What I did was the following,

Suppose $p_1p_2.....p_k^{e_k} < n$. Then the maximum value that $e_k$ can take would be $\leq$ $\frac{\log \left(\frac{n}{p_1p_2...p_{k-1}}\right)}{\log p_k}$. Then I tried to find the maximum power $e_{k-1}$ of $p_{k-1}$ for which $p_{k-1}^{e_{k-1}} < {p_k}^{l_1}$, for $1\leq l_1\leq\frac{\log \left(\frac{n}{p_1p_2...p_{k-1}}\right)}{\log p_k}-1=\frac{\log \left(\frac{n}{p_1p_2...p_{k-1}p_k}\right)}{\log p_k}$. Then the maximum value of $e_{k-1}$ would be $\leq l_1\frac{\log p_k}{\log p_{k-1}}$, for $1\leq l_1\leq \frac{\log \left(\frac{n}{p_1p_2...p_{k-1}p_k}\right)}{\log p_k}$. Similarly I proceeded this way for getting the maximum power of $p_{k-2}$ for which $p_{k-2}^{e_{k-2}} < p_{k-1}^{l_2}$, for $1 \leq l_2\leq l_1\frac{\log p_k}{\log p_{k-1}}-1$. And so on. Finally I had to calculate the following sum for getting an upper bound for |S|,
$$\sum_{l_1=1}^{\frac{\log \left(\frac{n}{p_1p_2...p_{k-1}p_k}\right)}{\log p_k}}\sum_{l_2=1}^{l_1\frac{\log p_k}{\log p_{k-1}}-1}.....\sum_{l_{k-1}=1}^{l_{k-2}\frac{\log p_3}{\log p_2}-1}l_{k-1}\left(\frac{\log p_2}{\log p_1}\right)$$.

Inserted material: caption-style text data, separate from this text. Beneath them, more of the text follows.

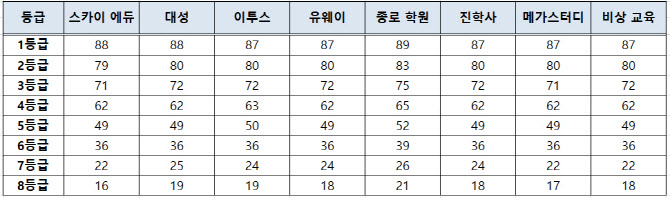 수능 국어 1등급컷 87~89점…수학가형 92점·나형 88~92점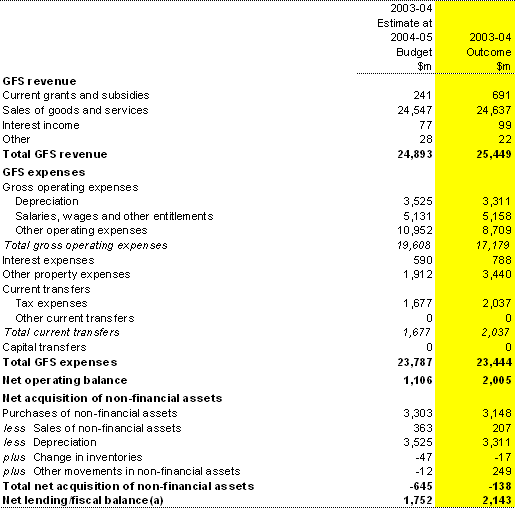 Table 17: Australian Government public non-financial corporations sector operating statement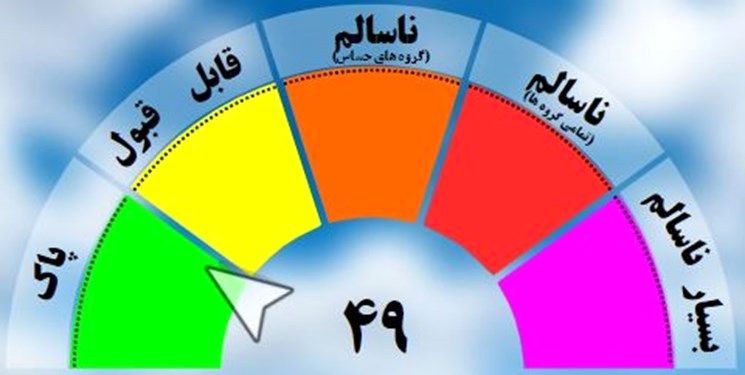 هوای مشهد در یازدهمین روز از بهار 1400 پاک است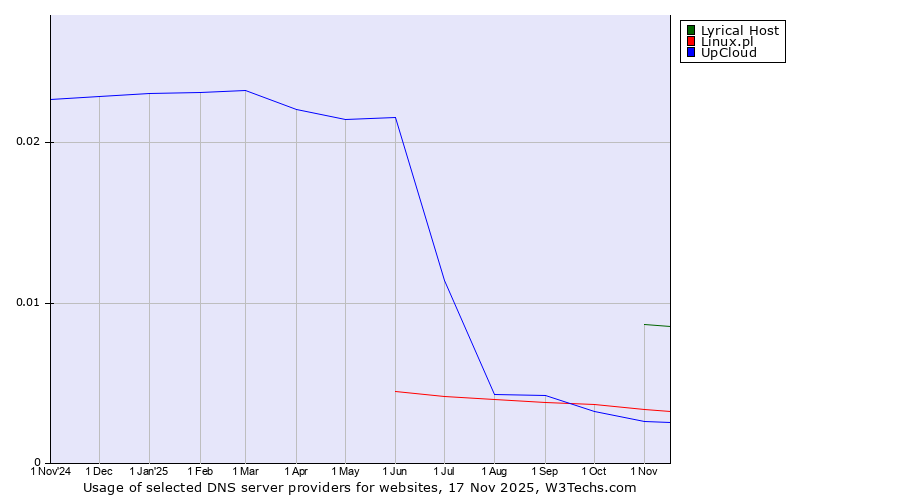 Historical trends in the usage of Lyrical Host vs. Linux.pl vs. UpCloud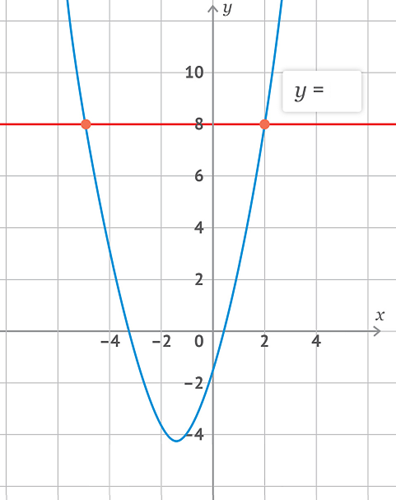 A graph showing the points of intersection of a horizontal line intersecting a parabola at negative four and eight, as well as two and eight. The vertex of the parabola is negative four.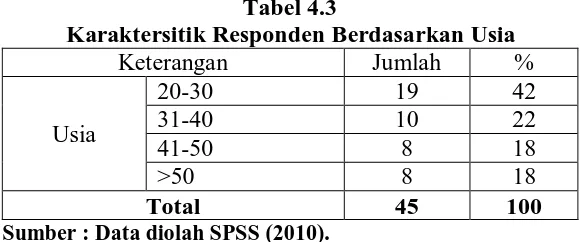 Tabel 4.2 Reliability Statistics 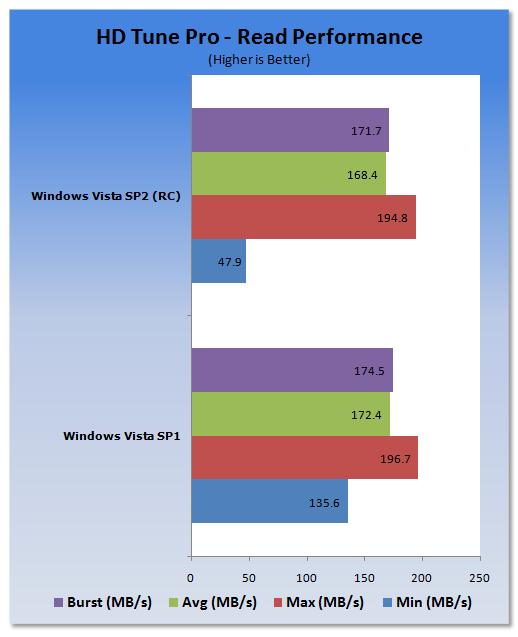 Vista SP1、Vista SP2 RC性能对比测试
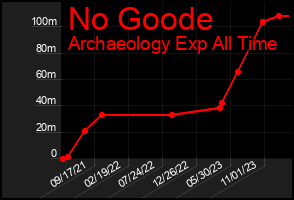 Total Graph of No Goode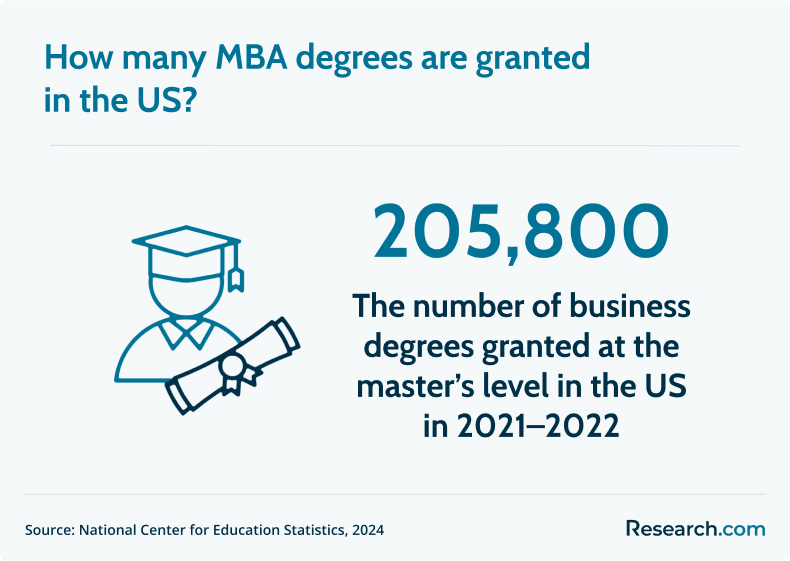 MBA degrees granted in the US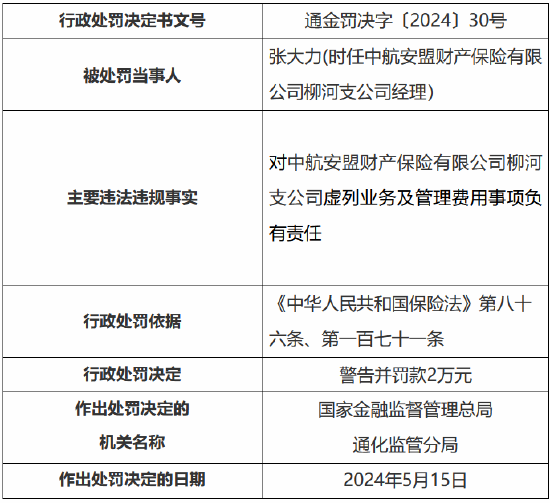 中航安盟财险柳河支公司被罚19.5万：虚列业务及管理费用、损坏保险许可证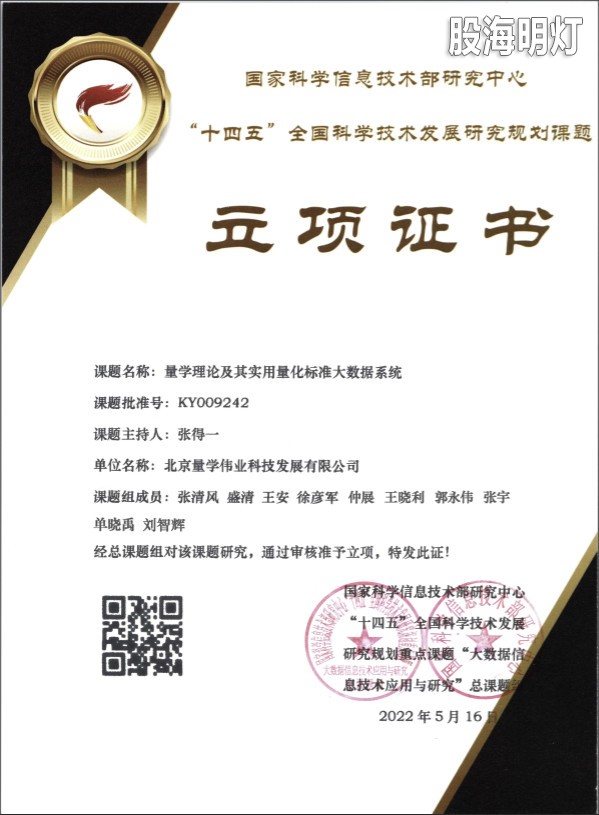 2022-05-16量学伟业-科技部立项证书.jpg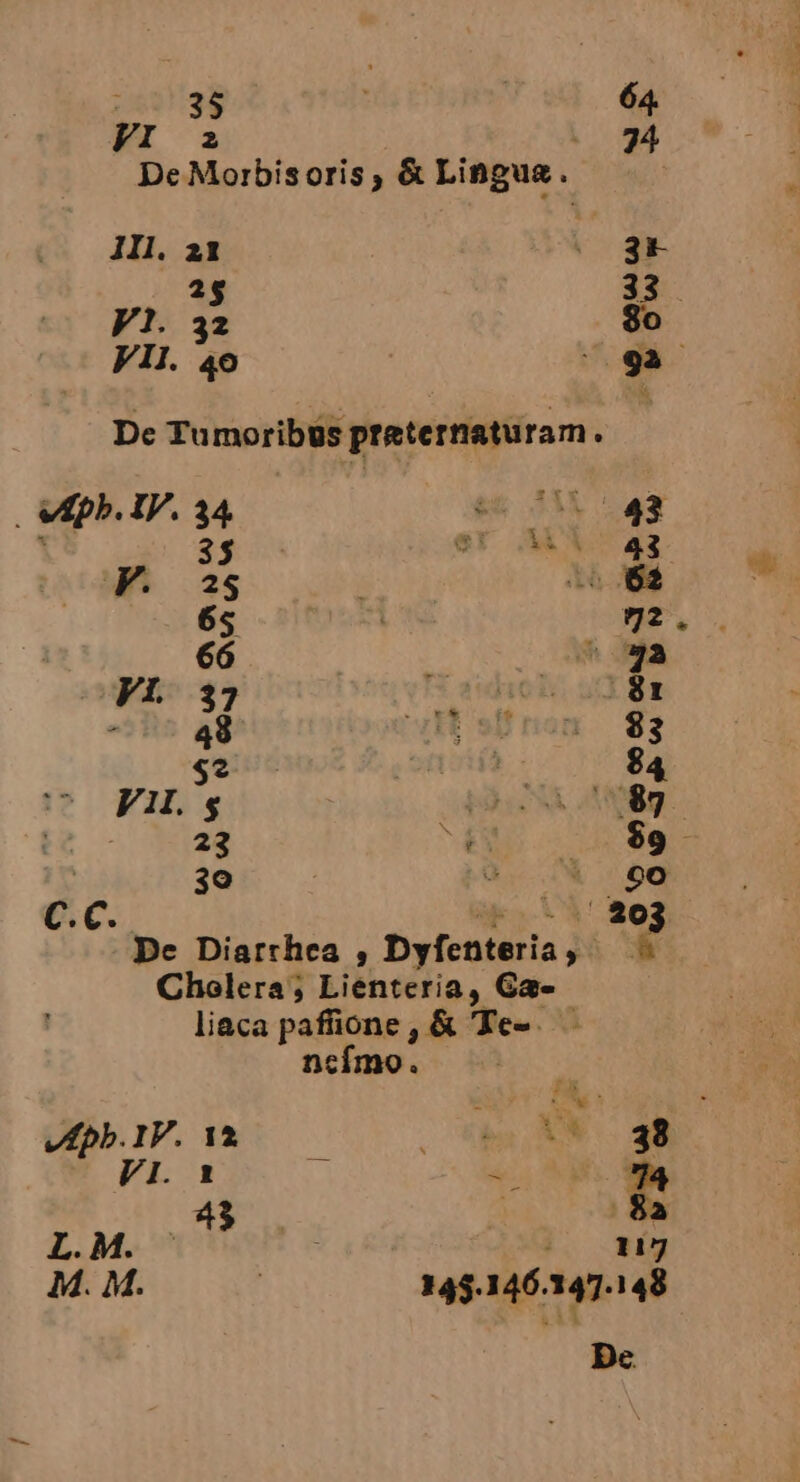 EI 2 JIl. 21 2$ V1. 32 V1I. p Mpb TV. 34 vepb.1V. 13 VI. a 43 M. M.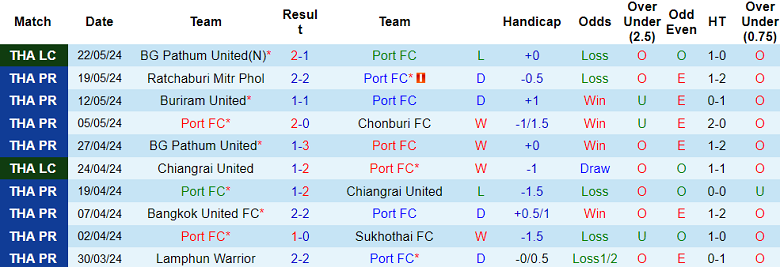 Nhận định, soi kèo Port FC vs Nakhon Pathom, 18h00 ngày 26/5: Tiếp tục ‘buông’? - Ảnh 1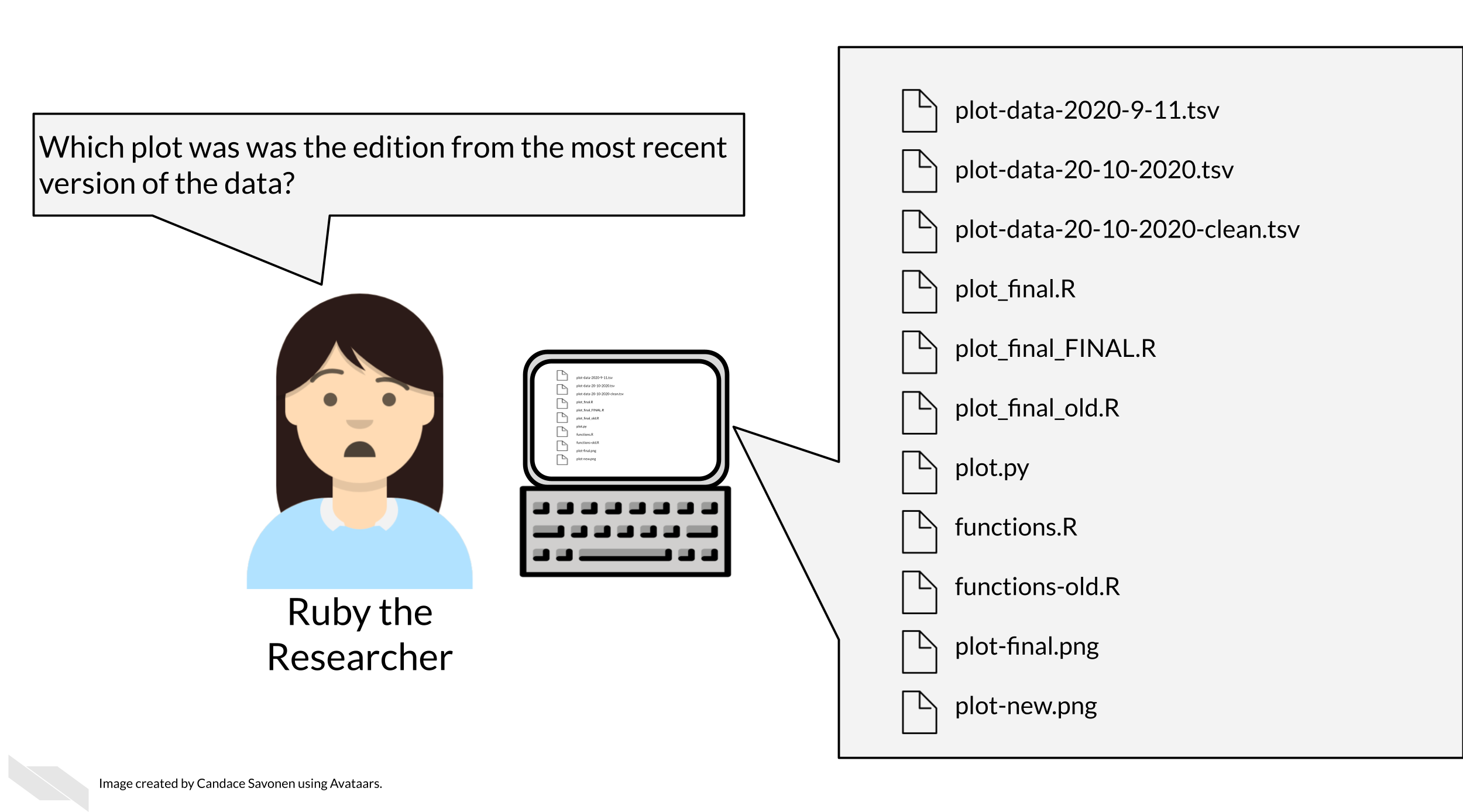 Ruby is looking at her computer with a lot of folders with different variations on similar names. Ruby asks herself: Which plot was was the edition from the most recent version of the data?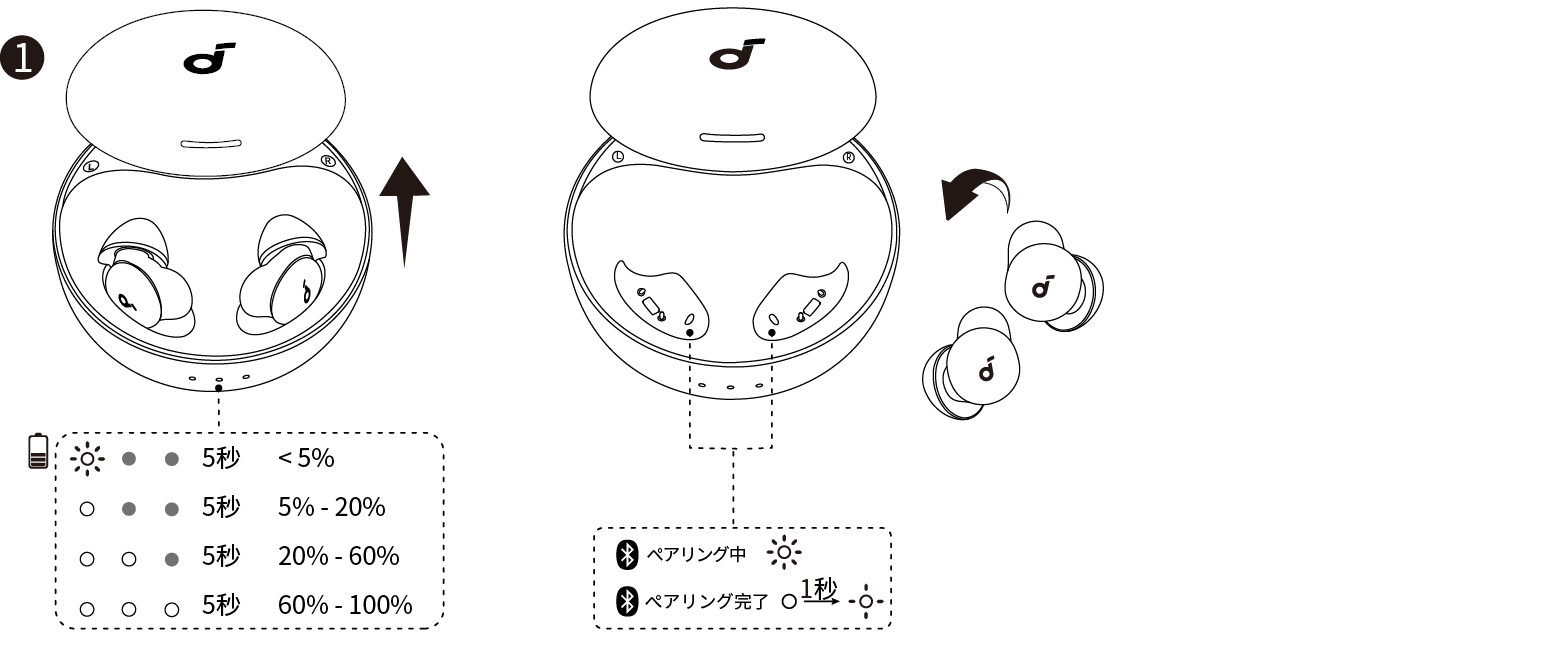 soundcore Sleep A30 取扱説明書 (D1301)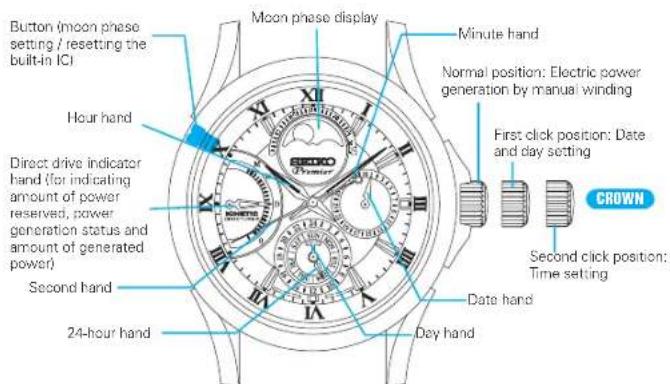 Button (moon phase setting / resetting the built-in IC) Moon phase display Minute hand Normal position: Electric power generation by manual winding First click position: Date and day setting CROWN Hour hand Direct drive indicator hand (for indicating amount of power reserved, power generation status and amount of generated power) Second hand 24-hour hand Day hand Date hand Second click position: Time setting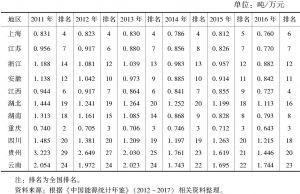 表5 2011～2016年长江经济带11省份工业能源消耗强度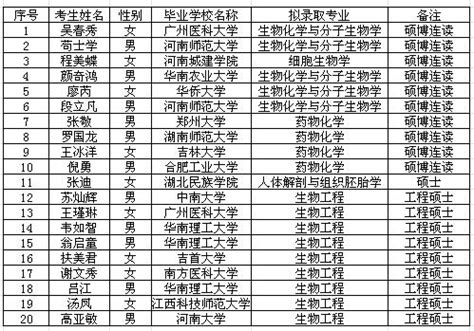 2021年硕士研究生招生考试（第一批）拟录取名单公示-济南大学前沿交叉科学研究院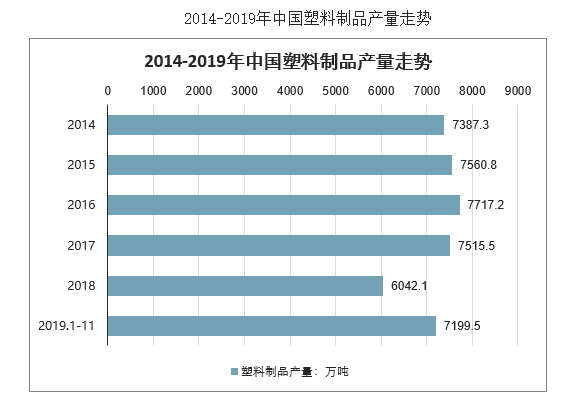 【塑胶行业深度分析】塑胶行业成本降不下来?试试这几招!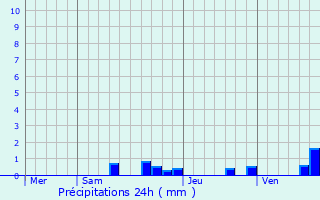 Graphique des précipitations prvues pour Saint-Romain-les-Atheux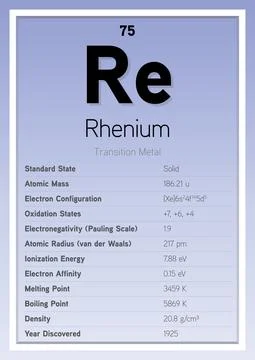 Rhenium Periodic Table Elements Info Card (Layered Vector Illustration) Stock Illustration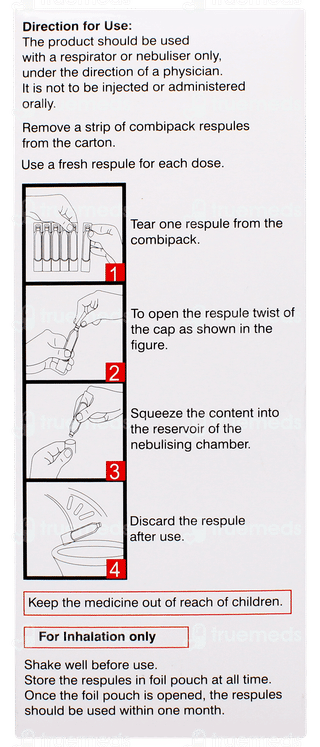 Derinide 0.5mg 2ml Pack Of 5 Respules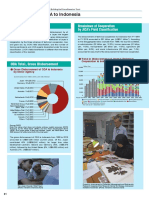 Indonesia Development en Part29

Now these sums are easy to calculate for two, or three primes. Indeed for 4 primes things get complicated. I hope I was going correctly. Infact if I try taking the most trivial upper bound of each sum, considering the upper limit of each sum. Then I find the sum bounded by, $$\frac{\left(\log \left(\frac{n}{p_1p_2...p_{k-1}p_k}\right)\right)^k}{\prod_{j=1}^{k}\log p_j}$$ That's not a good bound since the numerator can be negative sometimes as well. Hopefully absolute value of this fraction would help since i understand why such negative sign might be coming while i calculated the sum exactly for three primes.

@ Pietro: Thanks for your help. It was simple for an upper bound.